Wednesday, July 4, 2012

Wild Oats cartoonist C.J. Howard


        
C.J. Howard was born in 1848, probably in Brooklyn, New York, where he resided in 1908. He began drawing comic valentines in 1868 and worked as a staff cartoonist for the comic periodical Wild Oats. It was reported in the New York Herald in 1908 that
Mr. Howard submits about one thousand pen and ink sketches every year and the firm accepts about four hundred and fifty of them, paying a uniform price for each drawing accepted.
C.J. Howard
The firm for which Mr. Howard works has been manufacturing comic valentines for seventy-two years, and in its employ is W.J. Rigney, a poet of great versatility, who not only writes the doggerel which accompanies the penny comic valentines but also writes the love sonnets for the sentimental valentines, which range in price from five cents to $5 each.

“I usually write to Howard’s comic pictures,” said Mr. Rigney. “As a rule a glance at one of his drawings will inspire the verse. Sometimes the words and ideas will come to me unbidden, and then I will make a suggestion to Howard for the drawing of a picture”... among Mr. Rigney’s most treasured possessions are two bound volumes of publishers’ samples of comic valentines made a hundred years ago. The woodcuts of these samples were crudely colored by hand with stencils, and only about two colors were used. Today however, comic valentines are usually printed in six colors – two colors at a time.

W.J. Rigney

Unfortunately the Herald article does not mention the name of the firm Howard and Rigney worked for. Two of the earliest New York publishers of comic almanacks and valentines were Elton & Co. and A.J. Fisher. Fisher had several branches in Boston, Baltimore and Philadelphia and first appeared in New York Directories in 1836. Fisher’s firm was taken over by George C. Whitney. 

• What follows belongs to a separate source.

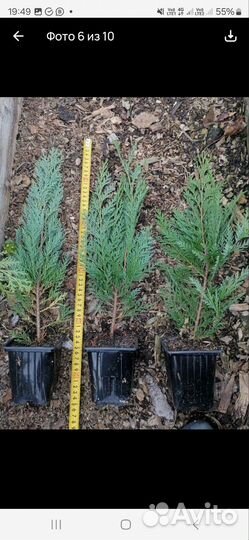 Хвойные растения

Thomas Strong began publishing valentines in 1842. Contemporaries were Charles P. Heustis, T. Frere, Charles Magnus and James Wrigley. The earliest comic valentines were lithographed, later they would be hand-colored. They would soon be exclusively printed from wood blocks, first hand-colored and later in multi-colors. Robert H. Elton claimed to be publishing comic valentines as early as 1834. Sometime after 1854 he sold out to the McLoughlin Brothers, who had begun printing comic valentines in 1848. 


* ‘The Men Who Make the Comic Valentines,’ New York Herald Magazine Section, February 9, 1908. The article mentioned that some rare specimens of comic valentines “are to be found at the Astor Library, in Lafayette Street.”